The potential for this extra growth to drive carbon storage is still incompletely known. In some experiments, increases in respiration parallel increases in photosynthesis, minimizing the potential for storage (13). In others, carbon accumulates in biomass or soils (19). But even this is not a true index of long-term sink potential. Initial storage is almost unavoidable, as photosynthesis spurts ahead of respiration. The initial carbon storage in an experiment with an instantaneous CO2 doubling is very difficult to relate to that ecosystem's potential for long-term storage (17). In fact, some of the negative feedbacks on storage, such as ecosystem-scale nutrient limitation, may develop only after several years of increased growth under elevated CO2 (18). Of the global-scale models in wide use today, some postulate strong feedbacks from nutrient limitation, whereas others ignore the possibility completely (9). Long-term experiments are marching toward the evidence to reject one hypothesis or the other. Yet other long-term regulators of nutrient availability, from nitrogen fixation to exposure of soils with available phosphorus, are still very difficult to simulate with experiments or models. Progress on this front will require fundamental advances in understanding the factors that control whole-ecosystem nutrient budgets. These include retranslocation among plant tissues, the efficiency of foraging for nutrients, nutrient losses, controls nitrogen fixation, and the potential for limitation by nutrients other than nitrogen.
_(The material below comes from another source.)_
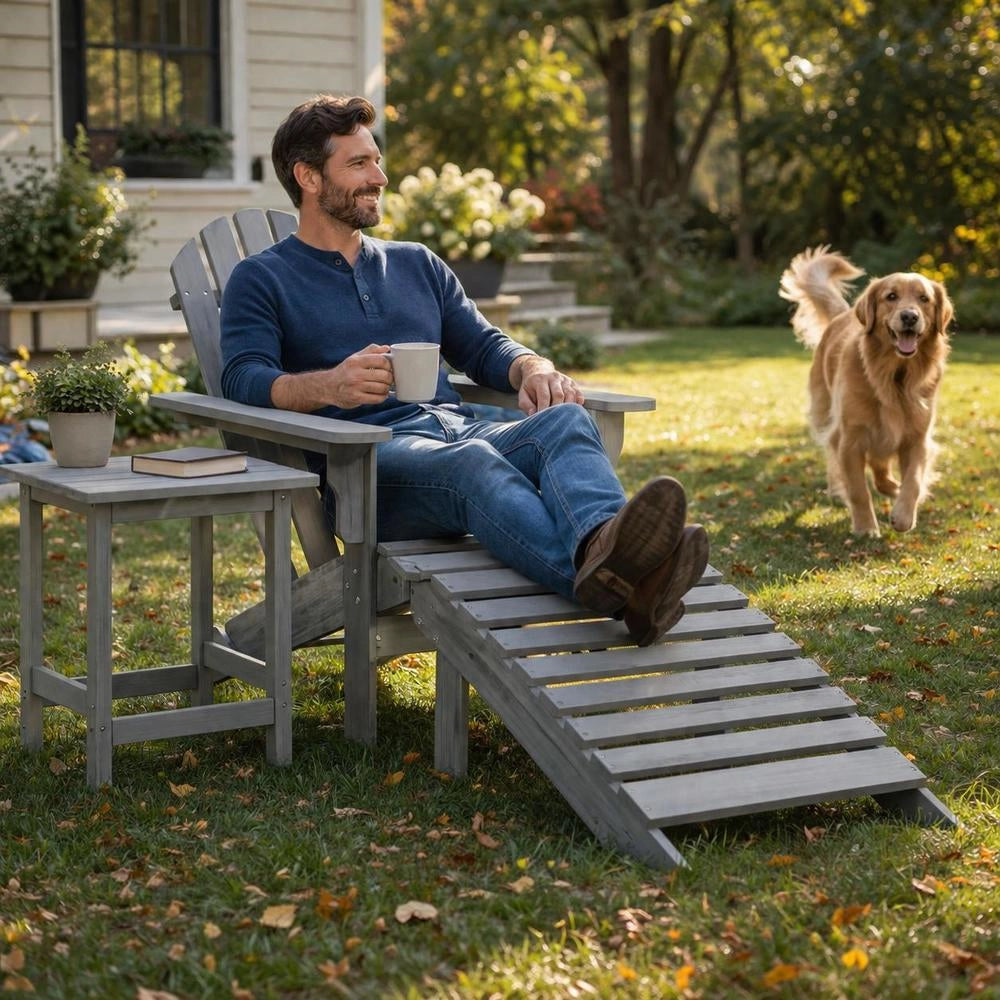 Adirondack Garden Chair With Footrest & Table, Fir Wood, Grey
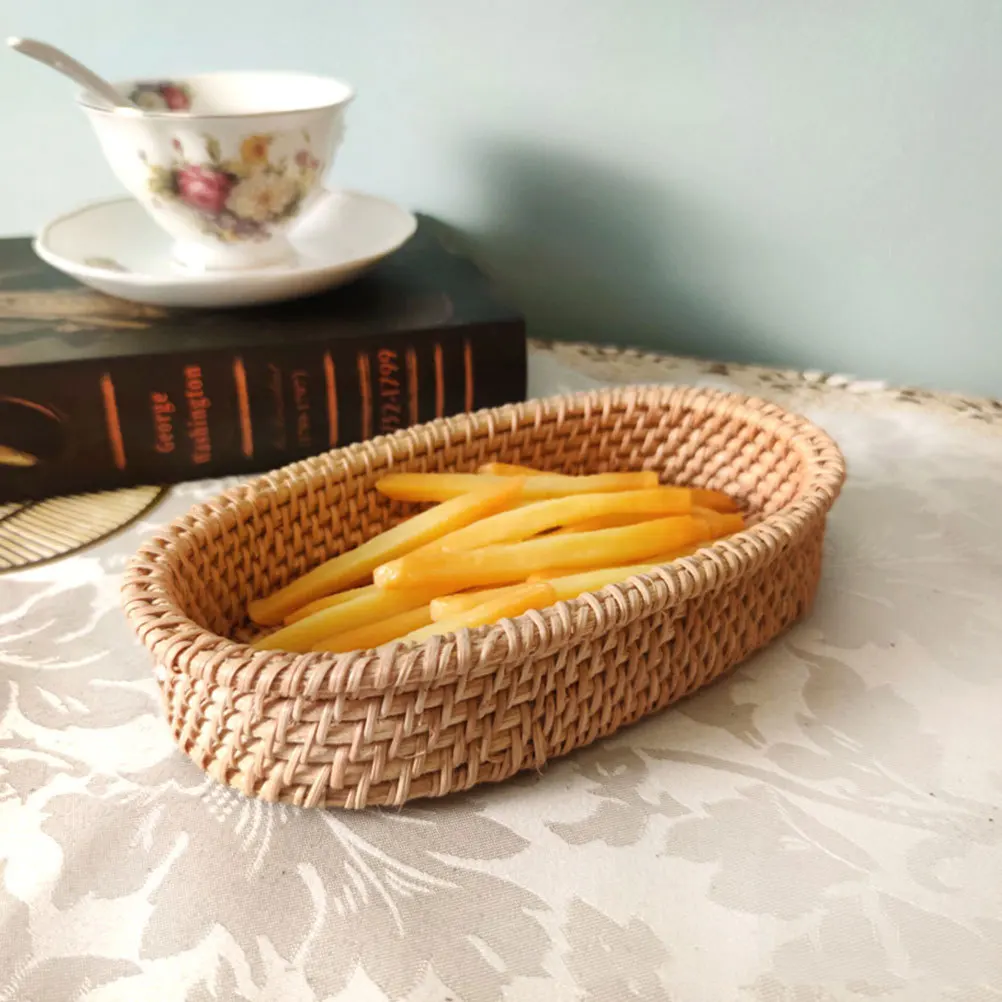 

Oval Woven Storage Basket For Kitchen Utensils Fruit Bread Snacks Multifunctional Food Organizer Chopstick Holder Household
Experimental studies are providing increasingly refined estimates of net primary production or plant growth responses to CO2 fertilization, and models are translating these into carbon sinks with increased sophistication. From the global end of the spatial scale, atmospheric methods are specifying the magnitude and location of the sinks. These methods work backwards from the spatial distribution of CO2 concentrations in the atmosphere to infer spatial patterns of sources and sinks. This is essentially equivalent to using the entire atmosphere as a bunch of gas exchange chambers, with observed or modeled winds constituting the flows between them. Though this method is sensitive to a number of kinds of errors, the rich spatial and temporal patterns in atmospheric CO2 suggest its potential (Fig. 1). Several atmospheric studies over the last decade indicate the existence of a large sink on land, especially in the middle to boreal latitudes of the northern Hemisphere (27). Similar studies augmented with information about 13C in CO2 and O2, useful as probes to separate land from ocean sinks, confirm that much of the sink is on land and suggest that it has increased in the last decade (3). Eddy flux measurements, which quantify ecosystem CO2 fluxes on a scale of 104 to 106 m2, also confirm the existence of carbon sinks in an increasing number of temperate, boreal, and tropical forests (e.g. 29), though measurements in a few sites do not necessarily provide a regional perspective.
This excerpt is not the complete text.